We addressed the challenge of using an imbalanced dataset for ERM detection. Compared with conventional linear transformation augmentation (classic augmentation), GAN-based augmentation showed improved performance in the detection of ERM. In particular, the StyleGAN2 model generated relatively high-quality and realistic CFP images. This model performed better than the CNN models using DDPM-based or CutMix augmentation methods. ViT, which recently exhibited a higher performance than CNN architectures, failed to show a better performance than the proposed CNN model with StyleGAN2 augmentation. A previous study demonstrated that StyleGAN2 can synthesize mixed-style medical images by combining the features of the training sets [17]. To learn various samples and improve the generalization of deep learning models, StyleGAN2 could be adopted for out-of-distribution sample detection of computed tomography images [40]. Our study also confirms that StyleGAN2 is a promising generative AI technique for improving medical image synthesis and prediction performance. Generative AI continues to develop by adopting and expanding various numerical and probabilistic algorithms [14]. Recent advances in diffusion methods predict the future generation of higher-quality images [36]. A recent study showed that the diffusion model outperformed GAN techniques in the CFP, chest X-ray, and histopathology imaging domains [26]. There was an attempt to improve diagnostic performance in CFP by combining GAN and Transformer structures [41], and performance improvement is expected if applied to ERM in the future.

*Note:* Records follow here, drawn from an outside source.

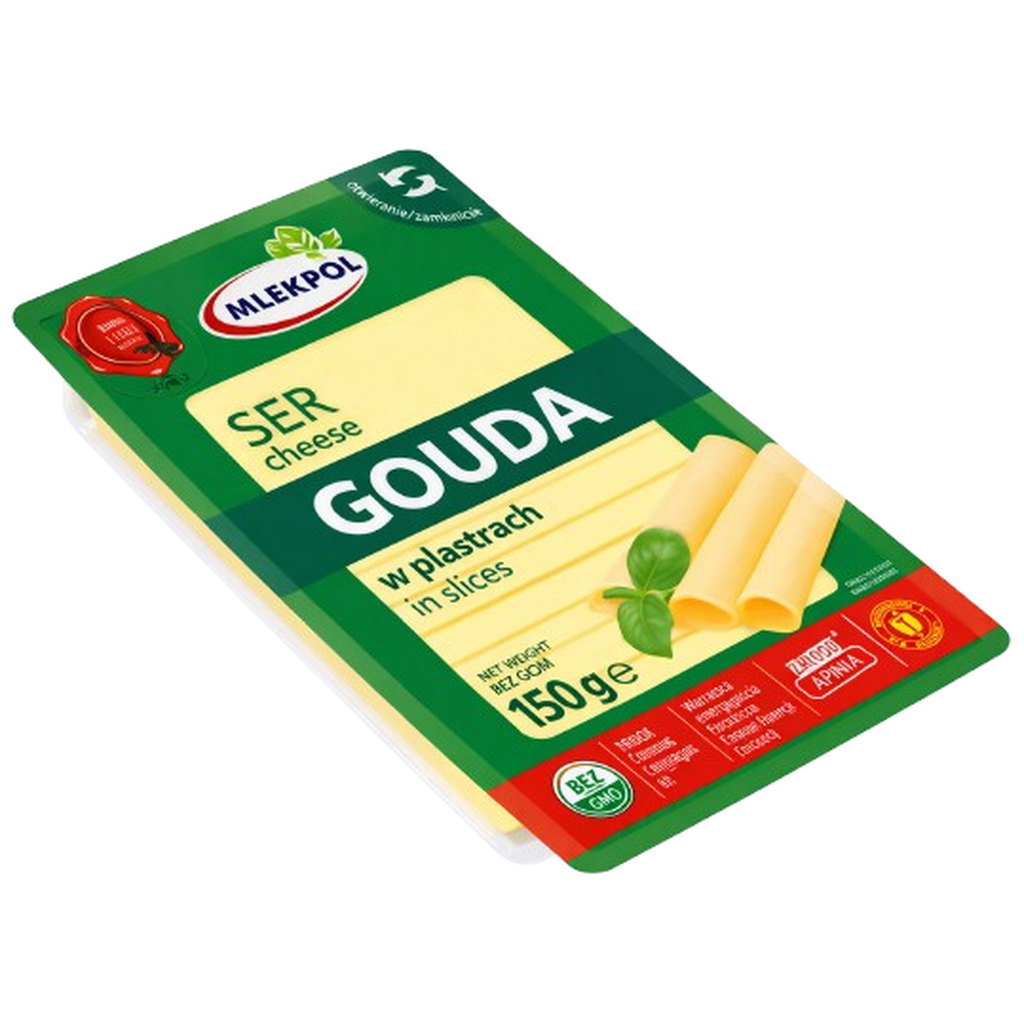 Mlekpol Sliced Gouda Cheese, 150g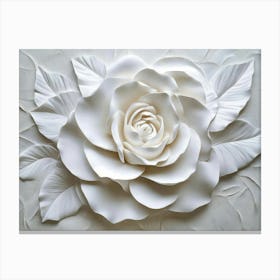 3d Picture Art Background of a Rose from Plaster Canvas Print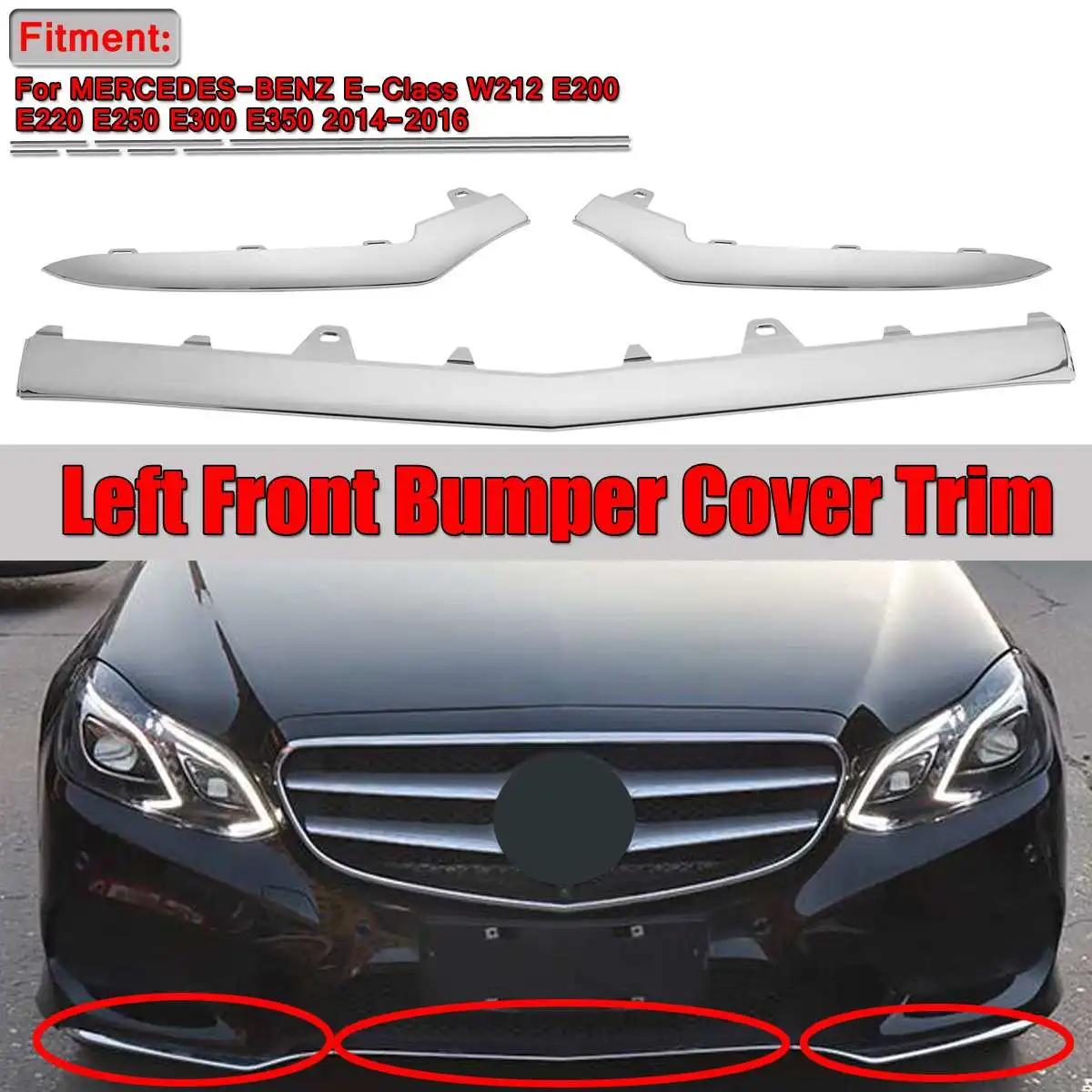 W212 E200 Car Front Bumper Chrome Grille Cover Trim Molding For Mercedes For Benz E Class W212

This study has several limitations. Firstly, we generated CFP images with relatively low resolution in the GAN models, which had a resolution of 256 × 256 pixels. For the early diagnosis of ERM, it is necessary to analyze images with greater resolution. Secondly, the dataset included an East Asian population from a single healthcare center. Although the proposed model performed well on limited external validation datasets, models trained with data from a single institution are expected to degrade in performance in other clinical settings. Thirdly, the training and validation datasets included only a limited number of CFP images. Although GAN have been used to overcome the data shortage of ERM, additional data collection is essential to achieve a higher performance.

Conclusion

We propose an improved deep learning model by synthesizing realistic CFP images with the pathological features of ERM through generative AI. We leveraged a deep learning classification model with additional StyleGAN2 training to address limited data availability. The final model outperformed the typical augmentation and other GAN-based learning methods for detecting ERM using the CFP. We believe that our deep learning framework will help achieve a more accurate detection of ERM in a limited data setting.